Любомира, заглянув в погреб, прихватила изрядный кувшин кваса и с поклоном вошла в избу. Надо же! И кому ж она этак кланяется? Любопытство родилось в душе Вятши, и даже не любопытство, а элементарное чувство опасности — что ж это за люди такие, лицезреть которых он не удостоился чести? От кого таятся? И какой подлости от них можно ждать? Не любил Вятша таких непоняток, и радостное чувство, которое он испытал, услыхав от Лобзи о предстоящем пути в Киев, сделалось уже и не таким радостным, а скорее тревожным. Взглянуть бы — что за люди? Лобзя-то их видела… Так ее в Киев и не послали, а послали его. Значит, опасаются, что может сболтнуть лишнего… Как бы невзначай Вятша переместился поближе к избе и навострил уши. Ничего толком не расслышал, подошел еще ближе… И едва не столкнулся с вышедшей из избы Любомирой.

— Что ты тут вынюхиваешь? — зло ощерилась та. — Я ж сказала — у березины ждать.

— Да, показалось, позвали.

— Позвали его… Ужо позвали б, так услыхал бы! — Любомира скривилась, пряча в глазах тщательно скрываемую ненависть. Ничего, наступит скоро ее время. Сквитается за непокорство, сквитается…

— В Киев пойдешь, — хмуро сказала она. — Отыщешь там, на Щековице, корчму Мечислава-людина. Ну, ты его знаешь, и он тебя. Скажешь, чтоб ехал немедля сюда, на усадьбу, одвуконь. Ежели заупрямится, скажешь — важный человек его ждет, от которого великий может статься прибыток! Все понял?

Вятша молча кивнул — чего тут непонятного? Спросил только:

— Через реку Лобзя перевезет?

Любомира фыркнула:

— Вот еще! Чай, в доме работы нет? Сам переберешься, лодку в кустах спрячешь, да получше — украдут — шкуру спущу!

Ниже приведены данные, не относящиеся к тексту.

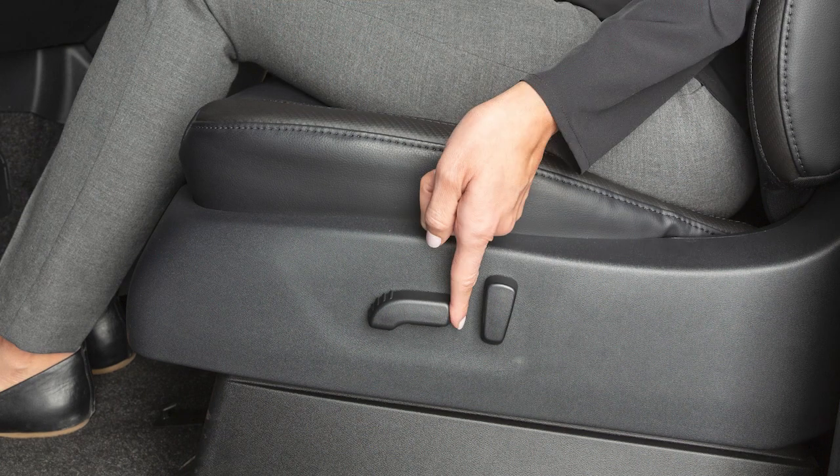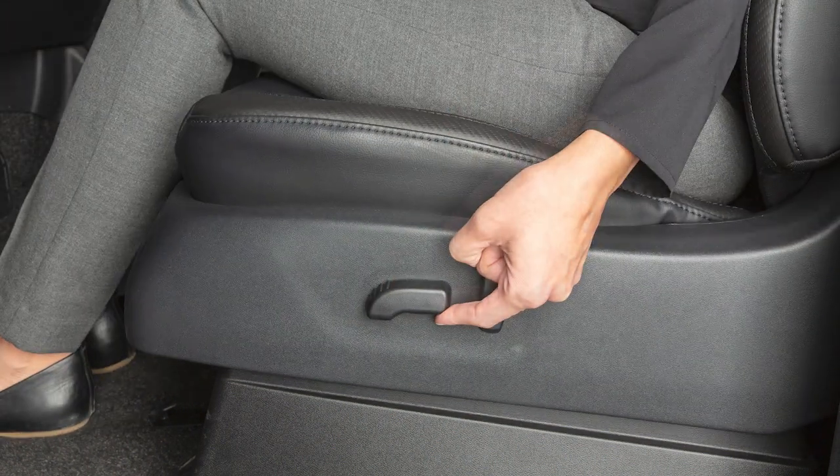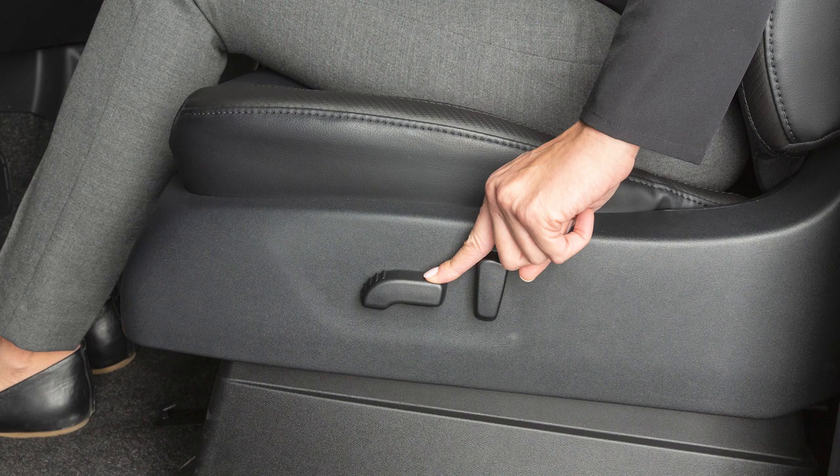Look for this switch on the side of your seat. Simply slide it forward or backward and the seat will move in that direction. Push down or pull up on the switch to move the seat up or down.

— Да кому тут красть-то? — резонно возразил Вятша и подтянул пояс. — Так я пошел?

— Иди, иди… Да, Ораю заодно поесть снеси, заглянешь по пути на пастбище. Горшок вон, у ворот.

Прихватив горшок с мослами, парубок вышел за ворота, оглянулся — не выскочит ли из амбара Лобзя? Нет, не выскочила. Вздохнув, он спустился по тропинке к оврагу, откуда брали глину, и, поднявшись на холм, свернул к пастбищу, где паслись уже на свежей травке коровы. Учуяв его, радостно залаял за оградой Орай — крупный, похожий на теленка пес.

— Ну, не лай, не лай, Орайко. Ешь вот. — Вятша опустил на траву горшок. — Кушай.

Погладил пса по загривку, тот, чавкая, радостно замотал хвостом. Парубок задумчиво посмотрел на усадьбу. Ее и не видно-то было отсюда, только торчала из-за рощицы крытая камышом крыша.